Lawn Whisperer said:


> Clemson uses Mehlich I, therefore numbers will be different; refer to ridgerunner's post, additionally, below is a comparison of M1 and M3 in lbs/acre.
> 
> The fertilizer you used last year, 16-4-8, will just be enough P and K for your lawn to grow, but not add to soil (except mulching).
> Just look for fertilizers with a ratio like 10-10-10, 10-20-20, or 18-24-12 to add P and K. You can also add TSP 0-46-0 or SOP 0-50-0 when you don't need that much N. Just keep the AI at 1#/k a month.
> ...


----------



## AvgHomeOwner (Jun 23, 2020)

Lawn Whisperer said:


> Clemson uses Mehlich I, therefore numbers will be different; refer to ridgerunner's post, additionally, below is a comparison of M1 and M3.
> 
> The fertilizer you used last year, 16-4-8, will just be enough P and K for your lawn to grow, but not add to soil (except mulching).
> Just look for fertilizers with a ratio like 10-10-10, 10-20-20, or 18-24-12 to add P and K. You can also add TSP 0-46-0 or SOP 0-50-0 when you don't need that much N. Just keep the AI at 1#/k a month.
> ...


@Lawn Whisperer Thanks for the wealth of info! I will read more at Warm Season forum. This place is just awesome.

I understand Humichar seems to be expensive but is there a product to beat the way both humic and biochar presented dished together? I guess we are paying for convenience.


----------



## Matthew_73 (Jul 9, 2019)

Lawn Whisperer said:


> 3#/k of of TSP would give your lawn 1.38#P/k; which is not too excessive for that nutrient and for your type of lawn.

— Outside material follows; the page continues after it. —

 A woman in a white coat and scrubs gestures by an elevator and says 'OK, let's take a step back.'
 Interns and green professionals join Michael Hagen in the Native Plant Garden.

The reason I said 2 lbs / k of TSP, is that it's best practice to apply ~1#/k of actual ingredient (AI) of any of the primary macros.
> 
> *The reason I recommended 2#/k monthly in spring is that, P moves slowly into the soil. Spreading out the applications will place the P in different layers of the soil. Additionally, you would want to meet the MLSN and even to optimum P.*
> 
> ...


I am in that same situation... I am reconmending 3 pounds per 1000 at 6 week intervals so two apps in spring with a spoon feed rate of AMS to help lower PH and raise P

Then in Fall, hit with 22-0-10 with two split apps of 6 weeks intervals at 3# per 1000


----------